A graduate of the universities of Sydney and Oxford, Emeritus Professor William (Will) Christie was Head of the Humanities Research Centre at the ANU from 2015 to 2021 and, before that, Professor of English Literature at the University of Sydney. He was founding President of the Romantic Studies Association of Australasia (RSAA) from 2010 to 2015 and his scholarly work in Romantic studies has been widely published in English Literary History, Romanticism, Studies in Romanticism, European Romantic Review, and other journals specialising in British and Romantic literature. His monograph, Samuel Taylor Coleridge: A Literary Life (2006), was awarded the NSW Premier’s Biennial Prize for Literary Scholarship in 2008 and his other publications include The Letters of Francis Jeffrey to Thomas and Jane Welsh Carlyle (2008), The Edinburgh Review in the Literary Culture of Romantic Britain: Mammoth and Megalonyx (2009), Dylan Thomas: A Literary Life (2014), and The Two Romanticisms, and Other Essays (2016). With the aid of Discovery Project grants from the Australian Research Council, he is currently researching (1) a critical biography of the Scottish critic, politician, and judge, Francis Jeffrey, editor of the early nineteenth-century Edinburgh Review; (2) a major study of public lecturing in the Romantic period; and, most recently, (3) ‘The Emotional Register of Liberal Culture in the Long Nineteenth Century’, along with Jock Macleod and Peter Denney, with whom he has edited a volume of critical essays, Politics and Emotions in Romantic Periodicals (2020).

Professor Christie was Director of the Australasian Consortium of Humanities Researchers and Centres (ACHRC) from 2017 to 2021 and is currently co-ordinator of the Romanticism Section of the International Association of University Professors of English (IAUPE), on the International Advisory Board of the journal European Romantic Review, and general editor of the series China and the West in the Modern World for Sydney University Press. He was elected a Fellow of the Australian Academy of the Humanities in 2011.

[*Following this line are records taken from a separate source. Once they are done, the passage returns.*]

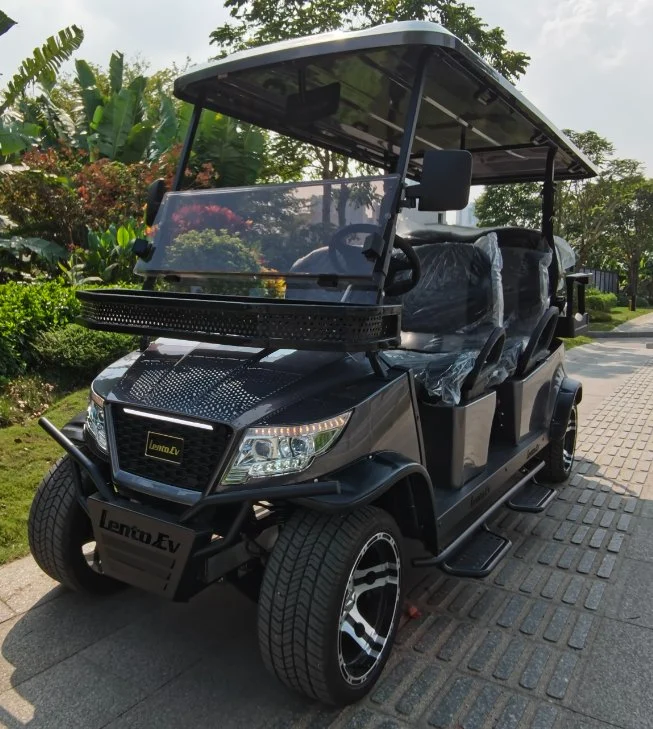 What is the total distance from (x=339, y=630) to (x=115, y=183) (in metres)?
9.23

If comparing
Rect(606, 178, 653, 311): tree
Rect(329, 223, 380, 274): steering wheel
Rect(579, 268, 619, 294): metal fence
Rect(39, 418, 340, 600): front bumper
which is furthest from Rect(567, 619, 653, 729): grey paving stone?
Rect(579, 268, 619, 294): metal fence

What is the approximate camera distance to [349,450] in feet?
7.73

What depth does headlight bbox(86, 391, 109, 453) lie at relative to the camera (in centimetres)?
260

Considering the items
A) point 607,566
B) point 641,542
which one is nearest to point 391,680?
point 607,566

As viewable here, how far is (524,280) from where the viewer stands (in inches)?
194

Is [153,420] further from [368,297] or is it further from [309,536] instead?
[368,297]

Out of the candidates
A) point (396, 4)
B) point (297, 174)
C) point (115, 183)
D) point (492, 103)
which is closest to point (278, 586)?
point (492, 103)

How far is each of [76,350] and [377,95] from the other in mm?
3847

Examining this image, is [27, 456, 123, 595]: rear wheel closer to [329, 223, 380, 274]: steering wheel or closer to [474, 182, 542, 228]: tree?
[329, 223, 380, 274]: steering wheel

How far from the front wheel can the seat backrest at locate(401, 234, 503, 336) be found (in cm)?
239

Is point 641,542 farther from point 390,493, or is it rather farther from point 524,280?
point 390,493

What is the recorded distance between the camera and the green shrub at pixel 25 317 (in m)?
5.73

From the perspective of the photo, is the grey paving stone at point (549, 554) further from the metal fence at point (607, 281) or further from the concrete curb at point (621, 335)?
the metal fence at point (607, 281)

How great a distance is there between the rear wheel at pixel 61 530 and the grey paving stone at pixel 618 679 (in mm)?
2053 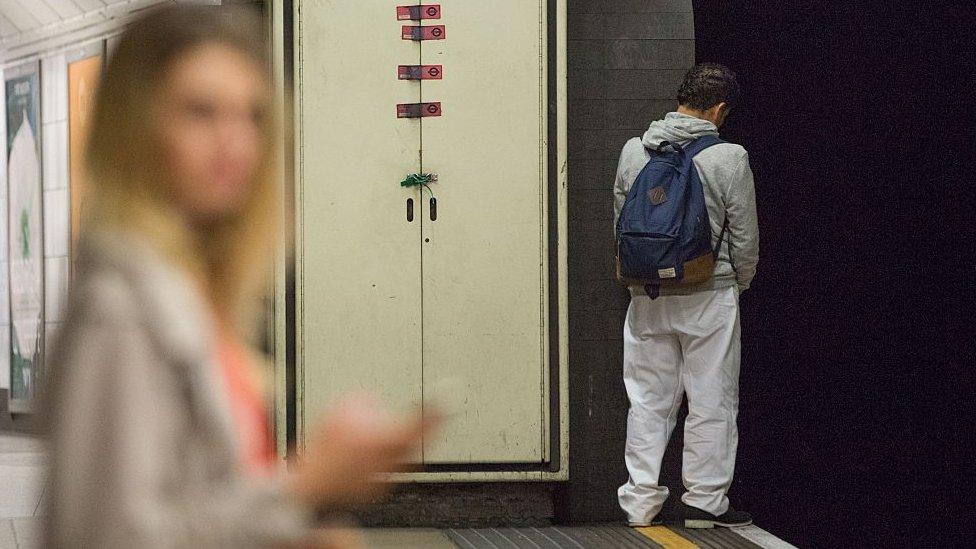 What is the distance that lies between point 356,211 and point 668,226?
1.26m

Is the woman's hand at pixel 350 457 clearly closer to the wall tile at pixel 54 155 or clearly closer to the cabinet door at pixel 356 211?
the cabinet door at pixel 356 211

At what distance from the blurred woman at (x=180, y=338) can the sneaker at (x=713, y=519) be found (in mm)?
4345

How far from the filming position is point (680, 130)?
5332 mm

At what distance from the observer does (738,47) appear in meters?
5.71

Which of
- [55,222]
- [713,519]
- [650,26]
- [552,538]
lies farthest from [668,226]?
[55,222]

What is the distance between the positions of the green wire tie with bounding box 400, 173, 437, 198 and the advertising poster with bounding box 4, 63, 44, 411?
6.37 meters

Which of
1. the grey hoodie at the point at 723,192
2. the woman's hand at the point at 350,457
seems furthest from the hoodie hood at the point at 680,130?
the woman's hand at the point at 350,457

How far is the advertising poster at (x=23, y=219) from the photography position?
11.1m

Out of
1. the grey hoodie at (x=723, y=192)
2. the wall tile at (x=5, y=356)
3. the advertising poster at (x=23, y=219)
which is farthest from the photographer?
the wall tile at (x=5, y=356)

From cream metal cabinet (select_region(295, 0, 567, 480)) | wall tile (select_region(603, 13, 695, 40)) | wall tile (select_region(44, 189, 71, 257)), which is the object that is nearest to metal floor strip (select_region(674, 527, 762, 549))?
cream metal cabinet (select_region(295, 0, 567, 480))

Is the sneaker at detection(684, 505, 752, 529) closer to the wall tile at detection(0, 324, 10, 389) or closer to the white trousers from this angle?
the white trousers

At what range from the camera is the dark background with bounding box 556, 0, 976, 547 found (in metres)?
4.15

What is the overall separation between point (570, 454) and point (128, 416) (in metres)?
4.86

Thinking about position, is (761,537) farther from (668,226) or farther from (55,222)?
(55,222) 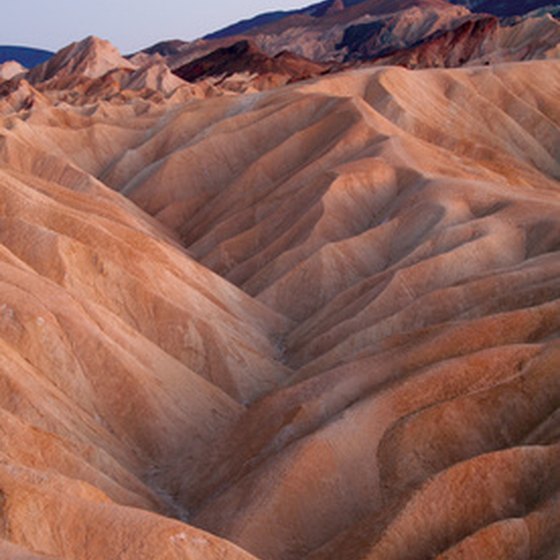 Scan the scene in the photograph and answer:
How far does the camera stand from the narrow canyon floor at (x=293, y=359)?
17.0 metres

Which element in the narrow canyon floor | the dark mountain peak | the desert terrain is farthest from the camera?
the dark mountain peak

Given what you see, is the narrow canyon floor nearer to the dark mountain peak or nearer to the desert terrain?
the desert terrain

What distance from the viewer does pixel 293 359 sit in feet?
105

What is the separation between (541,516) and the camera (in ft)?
51.5

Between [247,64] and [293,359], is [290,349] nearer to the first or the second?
[293,359]

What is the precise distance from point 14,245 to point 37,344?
6.07 m

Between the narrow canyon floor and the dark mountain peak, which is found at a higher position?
the dark mountain peak

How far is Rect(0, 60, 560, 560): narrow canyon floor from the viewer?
A: 16953 mm

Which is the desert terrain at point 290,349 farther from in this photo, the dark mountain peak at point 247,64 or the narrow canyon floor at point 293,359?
the dark mountain peak at point 247,64

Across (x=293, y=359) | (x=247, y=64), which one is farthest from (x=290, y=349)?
(x=247, y=64)

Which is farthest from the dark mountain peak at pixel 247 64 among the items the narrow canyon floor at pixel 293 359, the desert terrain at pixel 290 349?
the narrow canyon floor at pixel 293 359

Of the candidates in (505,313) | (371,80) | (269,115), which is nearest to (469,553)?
(505,313)

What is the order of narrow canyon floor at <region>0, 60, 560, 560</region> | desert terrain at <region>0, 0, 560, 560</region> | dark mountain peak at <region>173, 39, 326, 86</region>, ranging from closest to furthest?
narrow canyon floor at <region>0, 60, 560, 560</region> → desert terrain at <region>0, 0, 560, 560</region> → dark mountain peak at <region>173, 39, 326, 86</region>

For many years president of the Dylan Thomas Society of Australia and an active member of a number of literary societies, William Christie is also the author of Under Mulga Wood (2004), an award-winning 'play for voices' that has enjoyed performances around Australia and been broadcast and recorded by the ABC.

Experience

  • –present
    Emeritus Professor, Australian National University

Honours

University Medal (1976), The NSW Premier's Biennial Prize for Literary Scholarship (2008), Fellow of the Australian Academy of the Humanities (2011—).